February is Black History Month, and the African American and African Studies program at UNL are celebrating with a film festival at the Nebraska Union, 1400 R St.

A different film will be presented at 7pm each night through Feb. 13, each depicting a significant element of African or African-American history. The viewings are free and open to the public.

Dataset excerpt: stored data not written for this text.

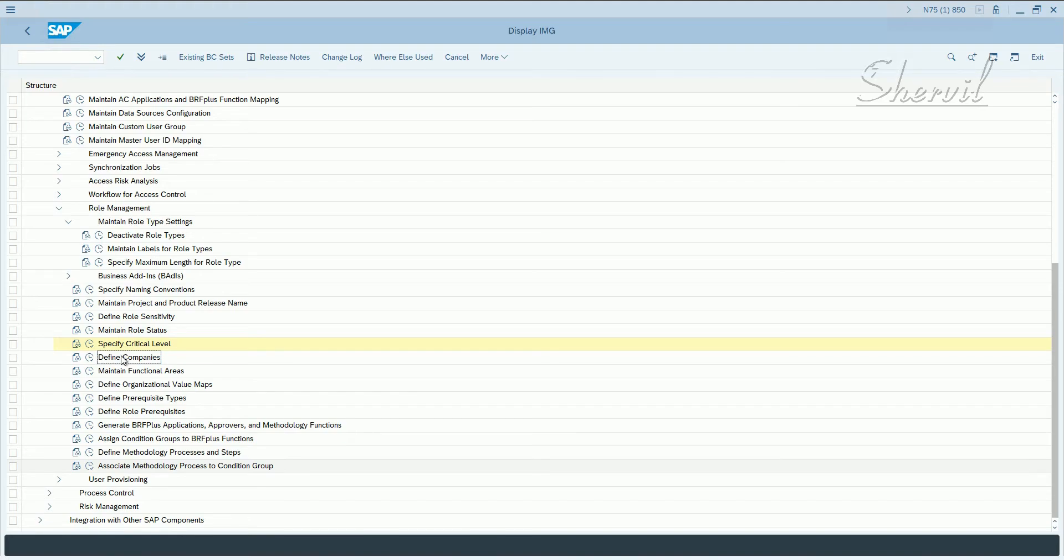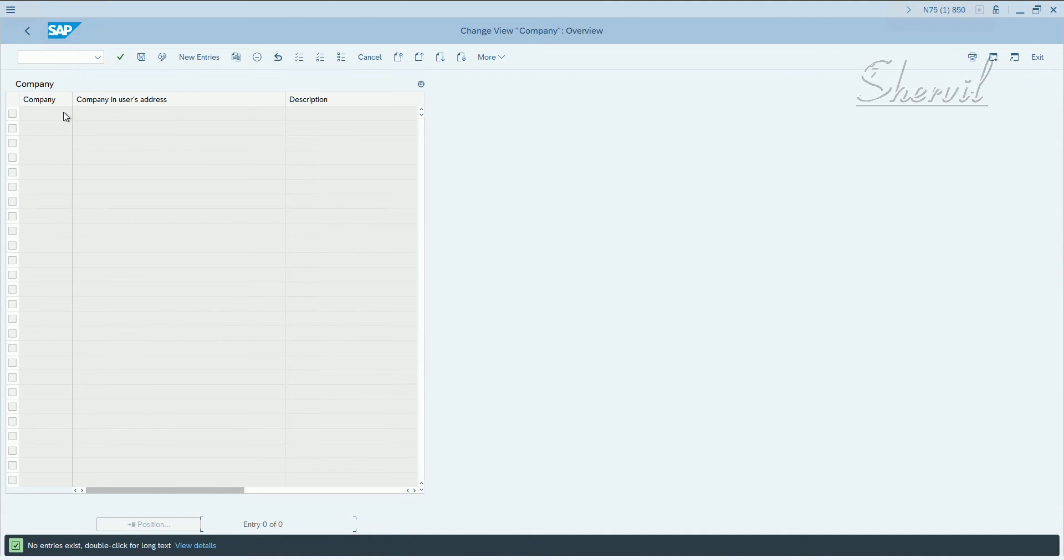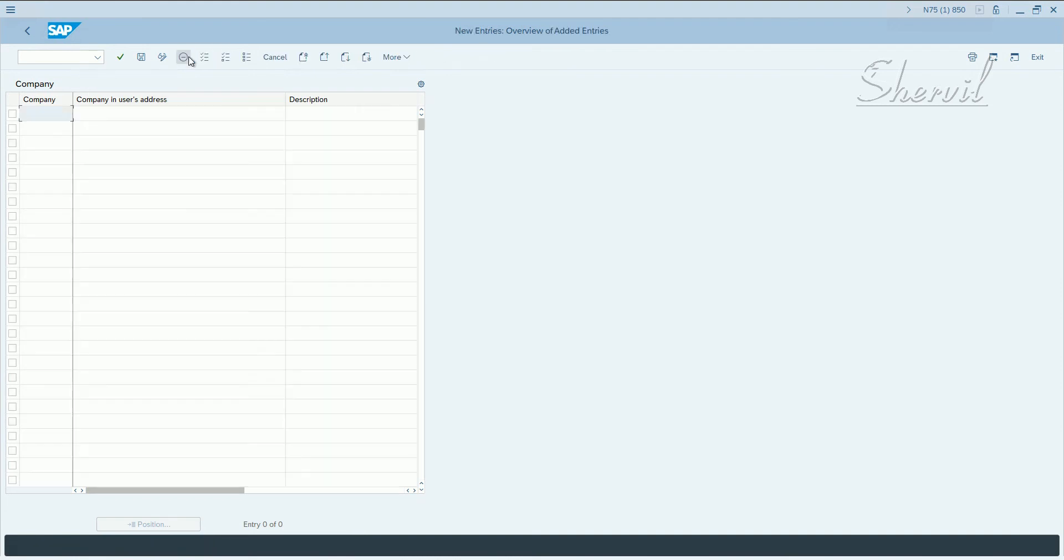The next attribute that we define is companies. Execute defined companies. So what this attribute does is it allows your organization to divide its divisions or groups by companies, or it could be a plant. So click on new entries and specify a company name and address and a description.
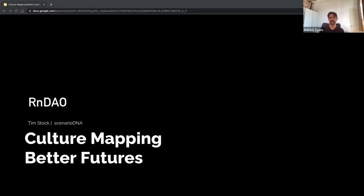Hello everyone, I'm Daniel, one of the instigators of R&DAO — a research and development DAO focused on innovation in DAO governance and operations. Today I'm very happy to have Tim Stuck with us, who's an expert in culture mapping. He's the co-founder of Scenario DNA, a research consultancy that advises multiple global clients on how to leverage cultural trends.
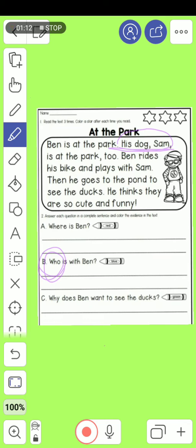What I'd like to say is that we can count the dog, Sam, as a person. So let's answer question B one more time: Who is with Ben? His dog, Sam. Or: Sam, the dog.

After each showing, Kwakiutl Dreher, UNL assistant professor of English and ethnic studies, will facilitate a discussion.

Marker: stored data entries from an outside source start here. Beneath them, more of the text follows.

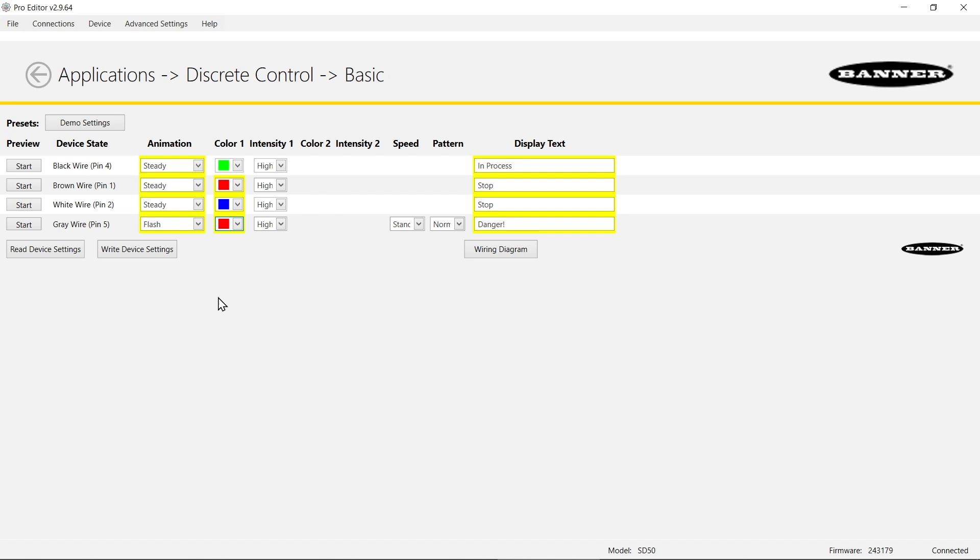And I will write that to the device. You see the danger flashing there.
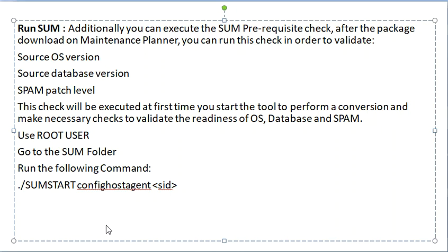This is the procedure of S4HANA conversion.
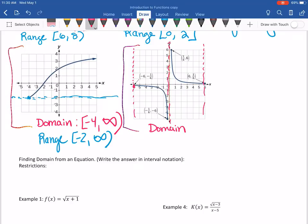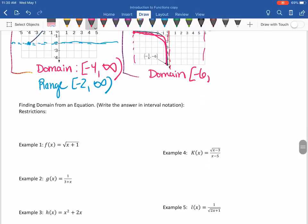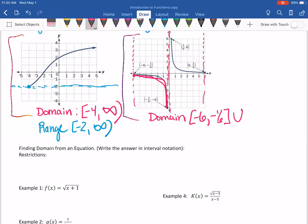When I write down the domain, the first interval goes from negative six, including negative six, up to negative one-sixth. Then union, and the second interval goes from positive one-sixth up to six. Those are all closed circles, so those are brackets — all endpoints are included.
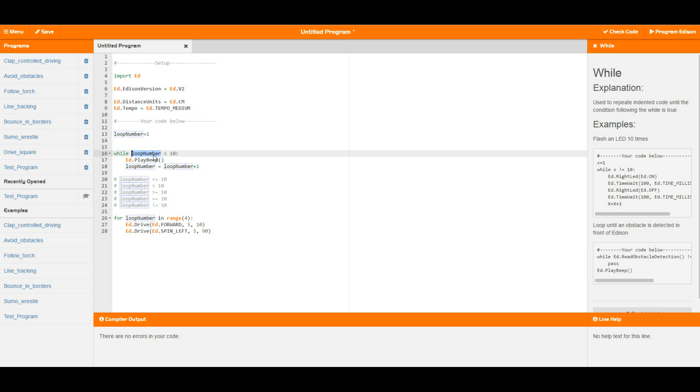In this case it won't be less than 10 anymore and the loop will break and it will jump down and do the next things in the code. So this is going to run around and beep that number of times.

The remaining schedule of films:

02.10: Pieces D'Indentities, based in colonial Belgian Congo, raises some of the most troubling issues of identity facing all Africans in the ever-widening diaspora.

02.11: Faat Kine, based in Senegal, is a tribute to the 'everyday heroism of African women.'

02.12: Daresalam: Let There Be Peace is the first African feature film to focus on the civil wars convulsing the continent from Sierra Leone to Somalia.

02.13: The Middle Passage is a poetic rumination on the route that carried slaves from Africa to the New World. Narrated by Djimon Hounsou, who starred in Steven Spielberg's Amistad, it tells the story through the voice of an African slave whose spirit haunts the ocean route.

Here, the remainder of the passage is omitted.